(Exercise materials begins)
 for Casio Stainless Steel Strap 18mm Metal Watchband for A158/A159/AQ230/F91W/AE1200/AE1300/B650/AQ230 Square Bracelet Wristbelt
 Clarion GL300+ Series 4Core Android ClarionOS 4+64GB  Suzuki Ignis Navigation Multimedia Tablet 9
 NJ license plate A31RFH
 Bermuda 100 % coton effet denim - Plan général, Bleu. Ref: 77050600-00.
(Exercise materials ends)
(Exercise materials begins)
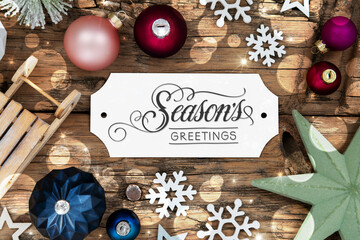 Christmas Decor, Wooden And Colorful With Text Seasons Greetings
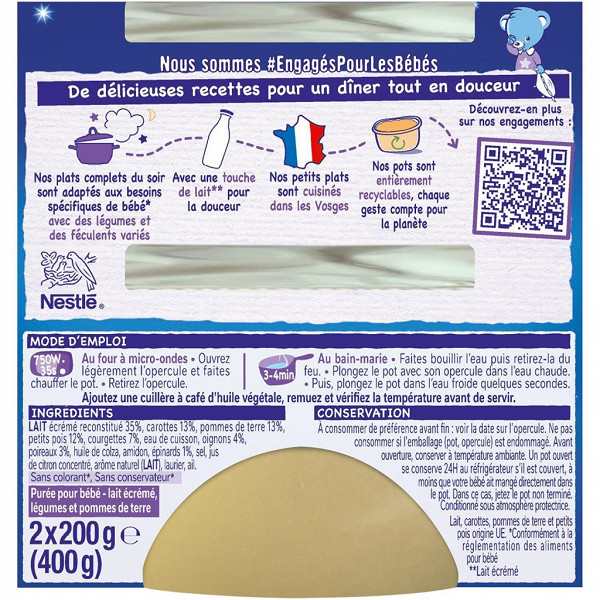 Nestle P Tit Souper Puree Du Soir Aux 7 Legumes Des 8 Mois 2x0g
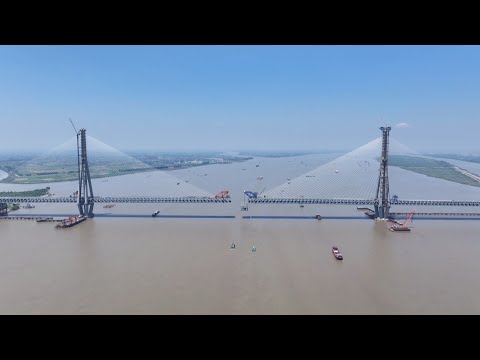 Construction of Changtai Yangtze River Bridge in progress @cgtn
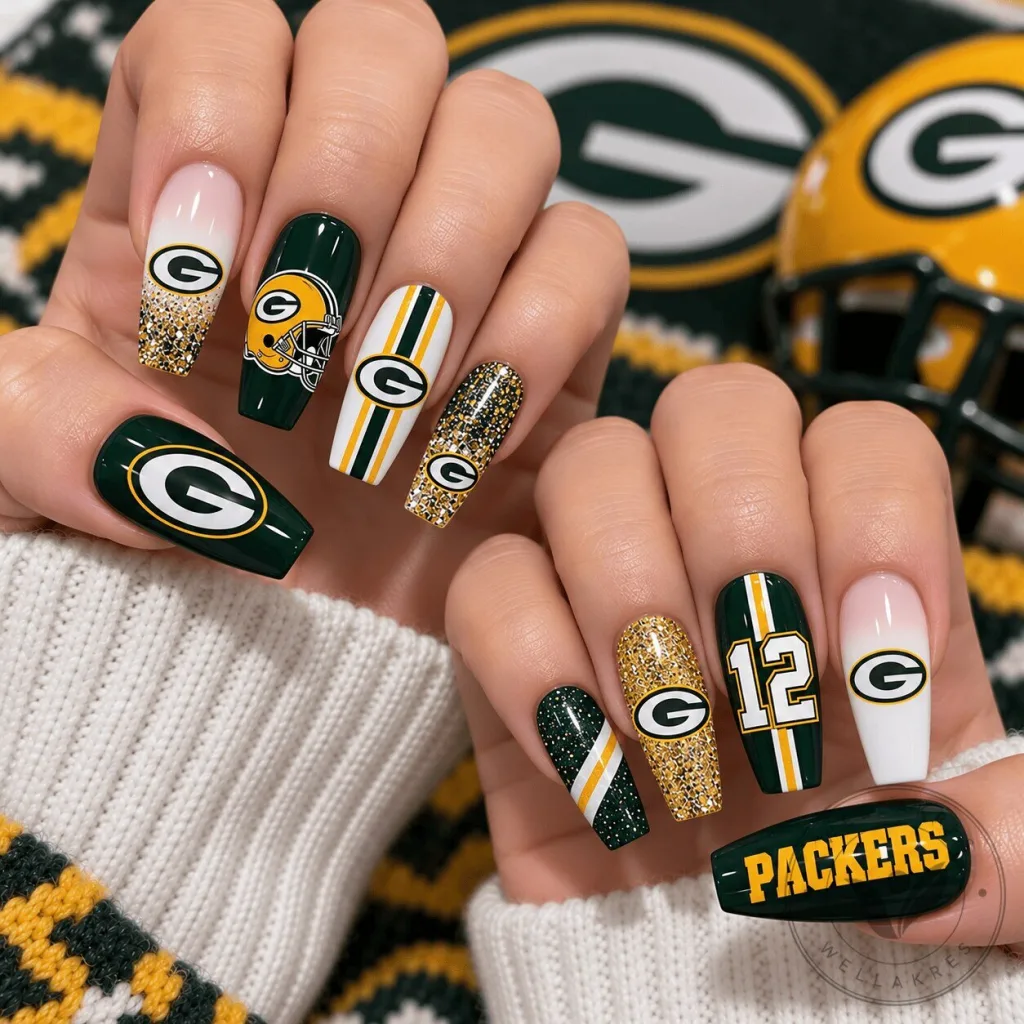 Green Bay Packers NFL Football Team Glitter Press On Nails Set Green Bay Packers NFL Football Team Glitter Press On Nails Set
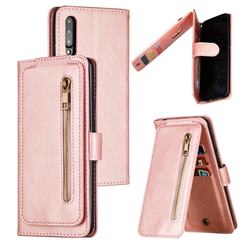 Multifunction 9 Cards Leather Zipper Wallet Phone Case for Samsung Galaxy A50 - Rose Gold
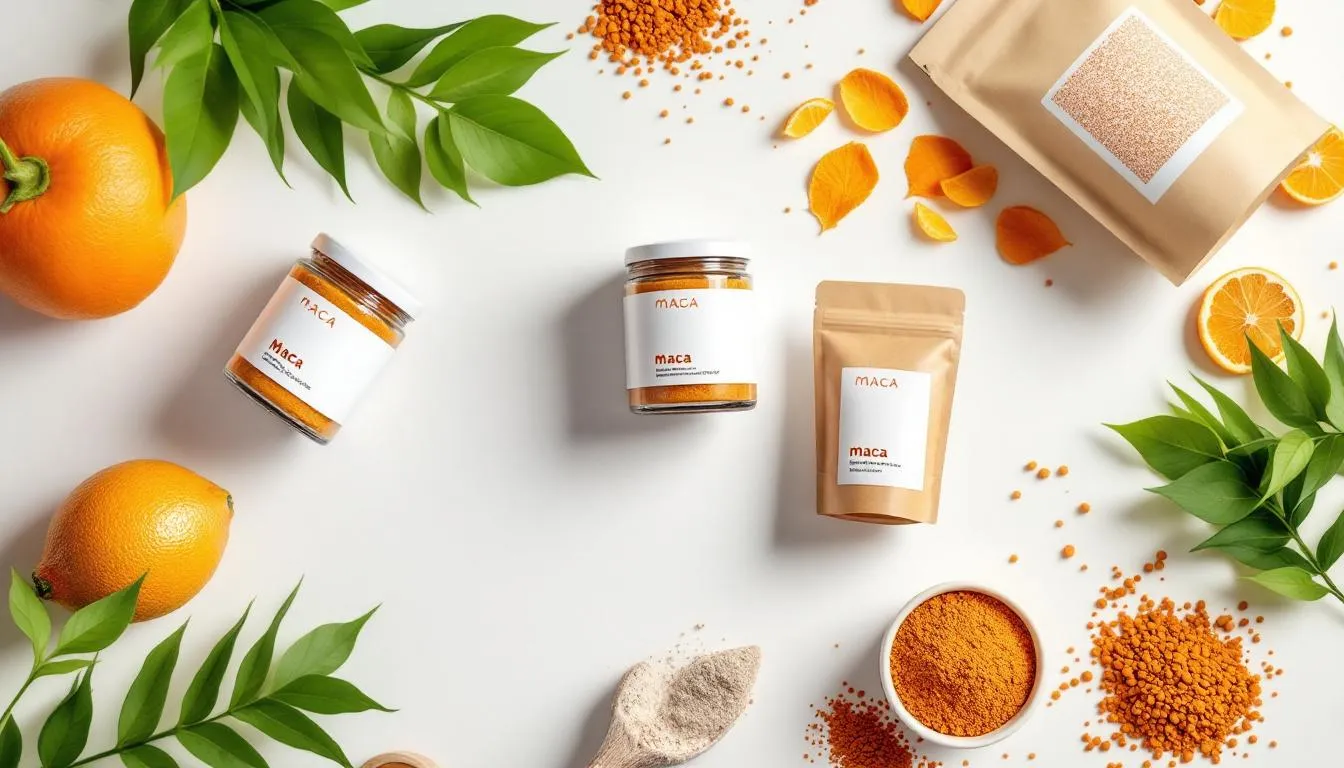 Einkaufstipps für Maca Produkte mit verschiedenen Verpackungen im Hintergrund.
(Exercise materials ends)
(Exercise materials begins)
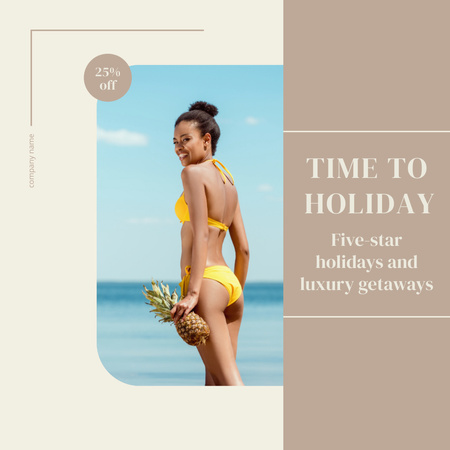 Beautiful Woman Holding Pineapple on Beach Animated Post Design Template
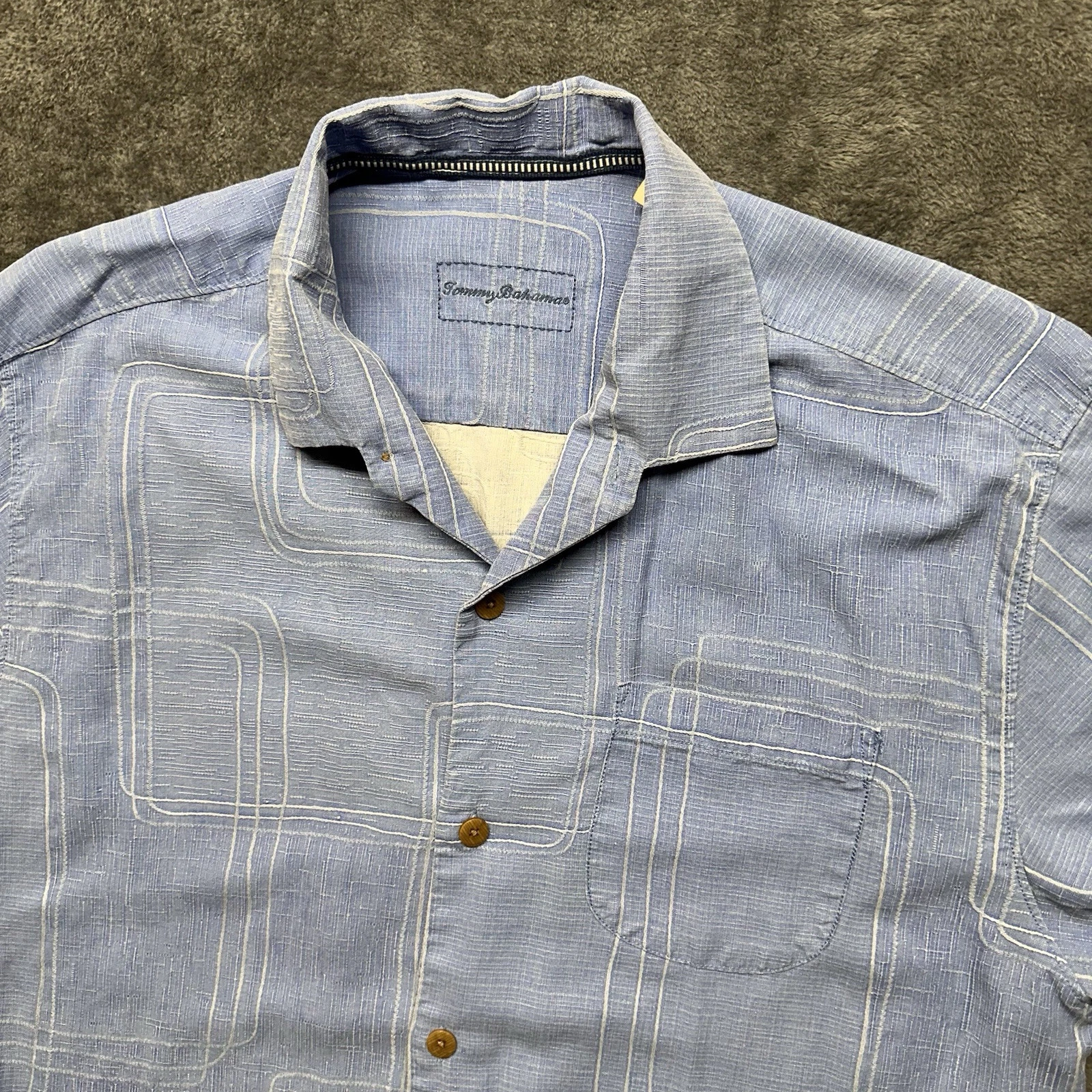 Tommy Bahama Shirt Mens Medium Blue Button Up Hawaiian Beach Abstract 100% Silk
(Exercise materials ends)
= Prompt =
Copy out the lines above exactly, beginning at the one that contains "NJ license plate A31RFH" and ending at the one that contains "Bermuda 100 % coton".

= Reply to the exercise =
 NJ license plate A31RFH
 Bermuda 100 % coton effet denim - Plan général, Bleu. Ref: 77050600-00.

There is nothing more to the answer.